Directions for this task: Extract from the entries below, exactly as given, only the lines from the line containing "1W010 - Rhodium" to the line containing "7-acetate 14-propionate structure", both lines included.

Exercise inputs below:

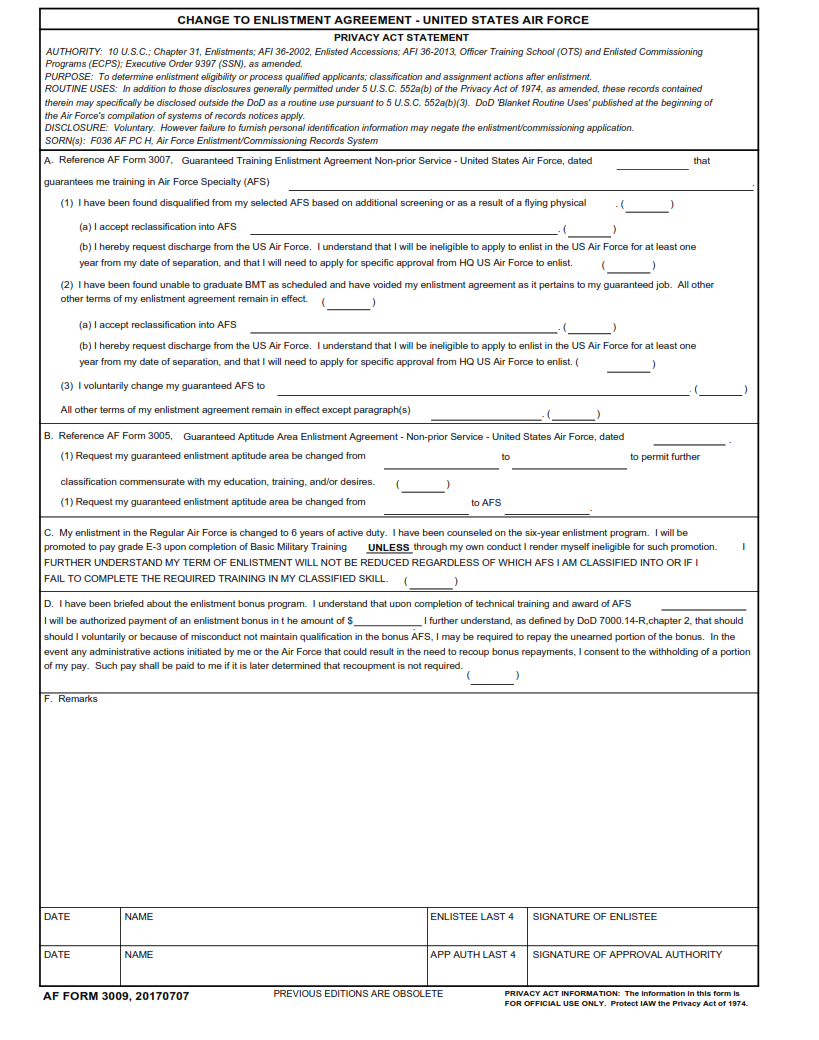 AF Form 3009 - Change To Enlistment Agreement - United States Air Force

End of Exercise inputs.
Exercise inputs below:

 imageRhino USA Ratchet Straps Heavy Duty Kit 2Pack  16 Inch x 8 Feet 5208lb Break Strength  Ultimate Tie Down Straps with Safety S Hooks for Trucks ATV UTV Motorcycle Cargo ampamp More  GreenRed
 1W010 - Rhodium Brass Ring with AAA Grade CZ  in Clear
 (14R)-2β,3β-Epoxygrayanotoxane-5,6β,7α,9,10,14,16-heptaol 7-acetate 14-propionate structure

End of Exercise inputs.

Answer section:
 1W010 - Rhodium Brass Ring with AAA Grade CZ  in Clear
 (14R)-2β,3β-Epoxygrayanotoxane-5,6β,7α,9,10,14,16-heptaol 7-acetate 14-propionate structure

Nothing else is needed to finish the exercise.